Note: When I initially contacted the courthouse reps in charge of the " official" approved Press seating list, it was suggested to me that despite the fact that I might appear to fit the technical designation as a member of the press as defined by the Connecticut Judicial branch ie " a person or entity involved in the gathering of and disseminating of news" As a owner and author of a Blog, adding me would be like opening a Pandora's box of sort for all Blog owners who wish to attend with a Press pass. Needless to say, it wasnt going to happen.

From a practical standpoint, the rep politely suggested that I'd be more likely to get a seat as a member of the public anyway, considering there were substantially more seats reserved for the public than the press.

The first three rows behind the defense row of seating were to be the 25 first come first serve seating for the approved Press.

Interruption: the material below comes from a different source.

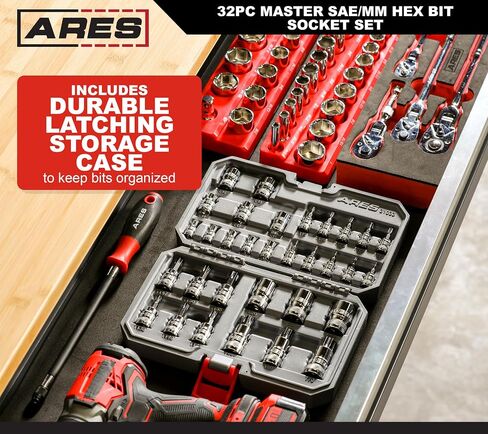 ARES 31030 – 32-Piece Master SAE and Metric Hex Bit Socket Set – 1/4-Inch, 3/8-Inch, and 1/2-Inch Drive Hex Bit Sockets Feature Knurled Drive Ends – Includes Durable Latching Storage Case in Saudi Arabia
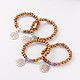 Bois rond et pierres précieuses perles élastiques bracelets de breloque BJEW-JB02195-1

However on opening day, it had become somewhat of of free for all in court room 6A, with press members spilling over into the seats reserved for the public.The fourth row is where I ultimately resided on Tuesday. In a seat technically reserved for the public but in actuality flanked by members of the press(which was fine by me) I sat with an over the shoulder view of a remarkably swift court room artist who was hastily capturing images of witnesses as they came and went throughout the days proceedings.

I sat on the hard wooden bench and was glad for my "spot" albeit a half a real persons spot, although at 5 3 and 115 lbs, I couldnt help but wonder if a larger person would have made it in at all. A few minutes of quiet murmurings and a rather Joltinhg "Court is in session, Judge Blue presiding "All Rise!" barked by
the baliff.

At this point, I must interject that attending this trial is truly a surreal experience, an emotional juxtaposition of sorts. At times you may sit through long periods of sometimes mundane and/or repetitive testimony/ lawyer-speak minutia, But believe it or not you will soon grow grateful for the mundane

for it becomes mini- respites from the upsetting, emotionally wrenching testimony and evidenciary viewings that are inevitable.

The courtroom happenings occur in fits and starts, either due to defense attorneys or prosecutors objections or "sidebar" requests ie "may we approach the bench your honor" type of thing and then quiet-( or not so quiet if you're lucky )murmurings from the bench which we, the onlookers, are not supposed to be privy to.

Sidebar requests would seem to be more common with the Defense than the prosecution, this via Attorney Thomas Ullmann, a fact that has not escaped the mostly good humored barbs of Judge Blue who at times grows understandably impatient with Ullmanns bull-dog like tendency to never relent re a point or disagreement with the bench.

Proceedings might be moving along relatively innocuously and then with little warning, a witness and accompanying evidence is introcuded and the next the thing you know, you are hearing about the smallest of details concerning another human being's terror and violent ends.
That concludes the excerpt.